Spaces:

RitvikV03
/

AGCO

Sleeping

File size: 14,741 Bytes

83a2bb8

"""
tests/test_graph_engine.py — Graph Engine Tests
================================================
Covers:
  1. _compute_causal_chain — pure-function logic
  2. _build_triple         — output structure
  3. get_causal_chains     — file reading (monkeypatched path)
  4. infer_hidden_relationships — BFS inference
  5. run_graph_update      — mocked DB + InferenceClient

All Astra DB and HuggingFace calls are mocked.

Run:
    python -m pytest tests/test_graph_engine.py -v
"""

from __future__ import annotations

import json
import sys
import uuid
from pathlib import Path
from unittest.mock import MagicMock, patch

import pytest

sys.path.insert(0, str(Path(__file__).parent.parent))

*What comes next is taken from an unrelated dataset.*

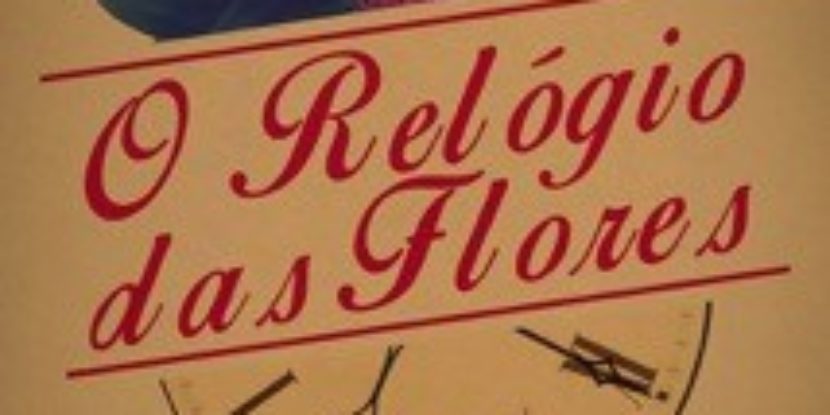 O Relógio das Flores
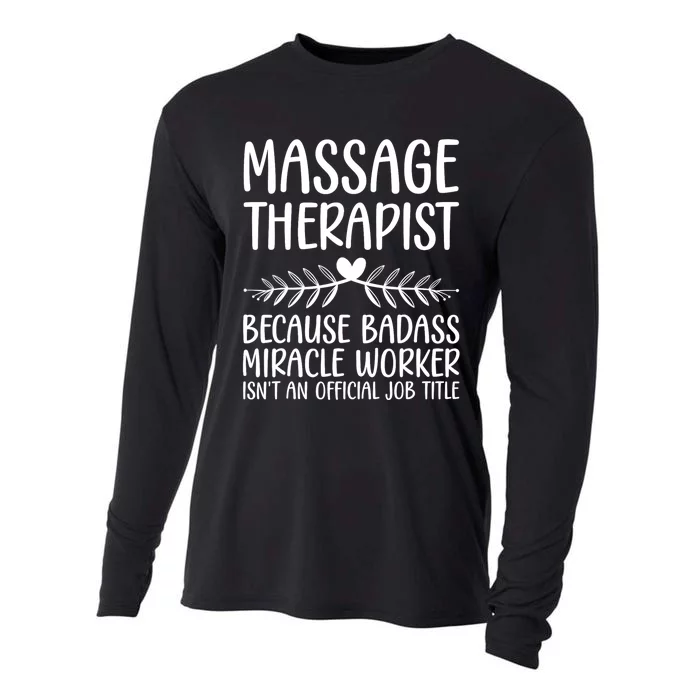 Funny Massage Therapy For Men Women Massage Therapist Cooling Performance Long Sleeve Crew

from core.graph_engine import (
    _build_triple,
    _compute_causal_chain,
    get_causal_chains,
    infer_hidden_relationships,
    run_graph_update,
)


# ─────────────────────────────────────────────────────────────
# Helpers
# ─────────────────────────────────────────────────────────────

def _sig(pillar: str = "POLITICAL", title: str | None = None) -> dict:
    """Minimal signal metadata dict."""
    sig_id = str(uuid.uuid4())
    return {
        "id": sig_id,
        "title": title or f"{pillar} Signal {sig_id[:6]}",
        "pestel_dimension": pillar,
        "source_url": "https://example.com",
        "disruption_score": 0.75,
        "date_ingested": "2026-01-01T00:00:00+00:00",
    }


# ─────────────────────────────────────────────────────────────
# 1. _compute_causal_chain
# ─────────────────────────────────────────────────────────────

def test_causal_chain_no_inbound():
    """No inbound chains → two-element result."""
    chain = _compute_causal_chain(
        subject_id="abc",
        subject_pillar="POLITICAL",
        object_pillar="ECONOMIC",
        existing_triples=[],
    )
    assert chain == ["POLITICAL", "ECONOMIC"]


def test_causal_chain_inherits_longest():
    """Inherits the longest inbound chain and appends object pillar."""
    subject_id = "subject-uuid"
    existing = [
        {
            "object": {"id": subject_id},
            "metadata": {"causal_chain": ["LEGAL", "POLITICAL"]},
        },
        {
            "object": {"id": subject_id},
            "metadata": {"causal_chain": ["LEGAL"]},
        },
    ]
    chain = _compute_causal_chain(
        subject_id=subject_id,
        subject_pillar="POLITICAL",
        object_pillar="ECONOMIC",
        existing_triples=existing,
    )
    assert chain == ["LEGAL", "POLITICAL", "ECONOMIC"]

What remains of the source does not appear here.